■ **PROBLEM STATEMENT**:
Every record must reappear in the answer exactly as given.

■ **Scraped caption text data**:
════════

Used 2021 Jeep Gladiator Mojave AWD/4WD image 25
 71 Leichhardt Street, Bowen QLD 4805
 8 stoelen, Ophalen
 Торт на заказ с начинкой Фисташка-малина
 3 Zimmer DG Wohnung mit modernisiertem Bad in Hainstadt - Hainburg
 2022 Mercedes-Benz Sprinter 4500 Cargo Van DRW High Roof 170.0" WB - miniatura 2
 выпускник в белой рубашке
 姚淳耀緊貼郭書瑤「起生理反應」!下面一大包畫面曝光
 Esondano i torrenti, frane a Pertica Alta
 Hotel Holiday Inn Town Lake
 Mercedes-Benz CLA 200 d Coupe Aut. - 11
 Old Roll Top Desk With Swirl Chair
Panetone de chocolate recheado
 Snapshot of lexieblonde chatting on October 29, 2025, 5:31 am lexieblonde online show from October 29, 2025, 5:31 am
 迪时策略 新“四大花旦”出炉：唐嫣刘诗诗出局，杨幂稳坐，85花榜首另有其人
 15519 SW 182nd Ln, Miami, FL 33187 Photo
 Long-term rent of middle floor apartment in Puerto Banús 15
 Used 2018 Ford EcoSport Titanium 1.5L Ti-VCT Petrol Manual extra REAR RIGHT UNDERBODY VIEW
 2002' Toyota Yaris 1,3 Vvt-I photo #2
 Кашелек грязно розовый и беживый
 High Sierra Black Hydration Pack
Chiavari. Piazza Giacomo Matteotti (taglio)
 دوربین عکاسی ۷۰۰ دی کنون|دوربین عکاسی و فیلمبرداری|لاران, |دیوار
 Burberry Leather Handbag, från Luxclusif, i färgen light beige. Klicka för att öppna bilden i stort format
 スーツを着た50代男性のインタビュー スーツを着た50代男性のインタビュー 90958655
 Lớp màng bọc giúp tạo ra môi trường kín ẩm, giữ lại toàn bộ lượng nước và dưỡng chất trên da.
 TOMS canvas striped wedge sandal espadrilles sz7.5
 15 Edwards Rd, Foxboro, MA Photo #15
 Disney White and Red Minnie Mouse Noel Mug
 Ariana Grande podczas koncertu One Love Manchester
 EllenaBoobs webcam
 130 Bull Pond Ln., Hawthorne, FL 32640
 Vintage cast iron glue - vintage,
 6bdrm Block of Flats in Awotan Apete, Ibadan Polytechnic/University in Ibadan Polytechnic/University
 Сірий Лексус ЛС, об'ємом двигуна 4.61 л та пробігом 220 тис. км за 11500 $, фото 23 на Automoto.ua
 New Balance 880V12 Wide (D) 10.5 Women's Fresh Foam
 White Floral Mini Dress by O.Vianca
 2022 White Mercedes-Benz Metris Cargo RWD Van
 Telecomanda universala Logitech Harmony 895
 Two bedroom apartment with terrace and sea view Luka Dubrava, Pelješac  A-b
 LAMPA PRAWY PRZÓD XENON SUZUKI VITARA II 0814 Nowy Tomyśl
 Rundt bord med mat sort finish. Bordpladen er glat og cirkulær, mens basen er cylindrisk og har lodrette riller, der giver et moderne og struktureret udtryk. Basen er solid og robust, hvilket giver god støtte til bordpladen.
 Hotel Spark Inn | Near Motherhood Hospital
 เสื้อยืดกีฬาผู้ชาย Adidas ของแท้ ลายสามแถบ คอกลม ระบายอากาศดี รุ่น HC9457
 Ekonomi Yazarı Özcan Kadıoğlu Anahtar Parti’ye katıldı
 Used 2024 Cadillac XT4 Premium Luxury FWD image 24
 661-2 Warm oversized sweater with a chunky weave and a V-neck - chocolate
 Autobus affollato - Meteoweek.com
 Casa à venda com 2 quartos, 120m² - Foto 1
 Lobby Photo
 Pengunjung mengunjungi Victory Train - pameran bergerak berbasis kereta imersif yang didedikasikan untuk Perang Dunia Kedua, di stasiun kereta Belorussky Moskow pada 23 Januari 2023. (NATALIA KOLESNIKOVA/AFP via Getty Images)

════════

■ **EXPECTED ANSWER**:
Used 2021 Jeep Gladiator Mojave AWD/4WD image 25
 71 Leichhardt Street, Bowen QLD 4805
 8 stoelen, Ophalen
 Торт на заказ с начинкой Фисташка-малина
 3 Zimmer DG Wohnung mit modernisiertem Bad in Hainstadt - Hainburg
 2022 Mercedes-Benz Sprinter 4500 Cargo Van DRW High Roof 170.0" WB - miniatura 2
 выпускник в белой рубашке
 姚淳耀緊貼郭書瑤「起生理反應」!下面一大包畫面曝光
 Esondano i torrenti, frane a Pertica Alta
 Hotel Holiday Inn Town Lake
 Mercedes-Benz CLA 200 d Coupe Aut. - 11
 Old Roll Top Desk With Swirl Chair
Panetone de chocolate recheado
 Snapshot of lexieblonde chatting on October 29, 2025, 5:31 am lexieblonde online show from October 29, 2025, 5:31 am
 迪时策略 新“四大花旦”出炉：唐嫣刘诗诗出局，杨幂稳坐，85花榜首另有其人
 15519 SW 182nd Ln, Miami, FL 33187 Photo
 Long-term rent of middle floor apartment in Puerto Banús 15
 Used 2018 Ford EcoSport Titanium 1.5L Ti-VCT Petrol Manual extra REAR RIGHT UNDERBODY VIEW
 2002' Toyota Yaris 1,3 Vvt-I photo #2
 Кашелек грязно розовый и беживый
 High Sierra Black Hydration Pack
Chiavari. Piazza Giacomo Matteotti (taglio)
 دوربین عکاسی ۷۰۰ دی کنون|دوربین عکاسی و فیلمبرداری|لاران, |دیوار
 Burberry Leather Handbag, från Luxclusif, i färgen light beige. Klicka för att öppna bilden i stort format
 スーツを着た50代男性のインタビュー スーツを着た50代男性のインタビュー 90958655
 Lớp màng bọc giúp tạo ra môi trường kín ẩm, giữ lại toàn bộ lượng nước và dưỡng chất trên da.
 TOMS canvas striped wedge sandal espadrilles sz7.5
 15 Edwards Rd, Foxboro, MA Photo #15
 Disney White and Red Minnie Mouse Noel Mug
 Ariana Grande podczas koncertu One Love Manchester
 EllenaBoobs webcam
 130 Bull Pond Ln., Hawthorne, FL 32640
 Vintage cast iron glue - vintage,
 6bdrm Block of Flats in Awotan Apete, Ibadan Polytechnic/University in Ibadan Polytechnic/University
 Сірий Лексус ЛС, об'ємом двигуна 4.61 л та пробігом 220 тис. км за 11500 $, фото 23 на Automoto.ua
 New Balance 880V12 Wide (D) 10.5 Women's Fresh Foam
 White Floral Mini Dress by O.Vianca
 2022 White Mercedes-Benz Metris Cargo RWD Van
 Telecomanda universala Logitech Harmony 895
 Two bedroom apartment with terrace and sea view Luka Dubrava, Pelješac  A-b
 LAMPA PRAWY PRZÓD XENON SUZUKI VITARA II 0814 Nowy Tomyśl
 Rundt bord med mat sort finish. Bordpladen er glat og cirkulær, mens basen er cylindrisk og har lodrette riller, der giver et moderne og struktureret udtryk. Basen er solid og robust, hvilket giver god støtte til bordpladen.
 Hotel Spark Inn | Near Motherhood Hospital
 เสื้อยืดกีฬาผู้ชาย Adidas ของแท้ ลายสามแถบ คอกลม ระบายอากาศดี รุ่น HC9457
 Ekonomi Yazarı Özcan Kadıoğlu Anahtar Parti’ye katıldı
 Used 2024 Cadillac XT4 Premium Luxury FWD image 24
 661-2 Warm oversized sweater with a chunky weave and a V-neck - chocolate
 Autobus affollato - Meteoweek.com
 Casa à venda com 2 quartos, 120m² - Foto 1
 Lobby Photo
 Pengunjung mengunjungi Victory Train - pameran bergerak berbasis kereta imersif yang didedikasikan untuk Perang Dunia Kedua, di stasiun kereta Belorussky Moskow pada 23 Januari 2023. (NATALIA KOLESNIKOVA/AFP via Getty Images)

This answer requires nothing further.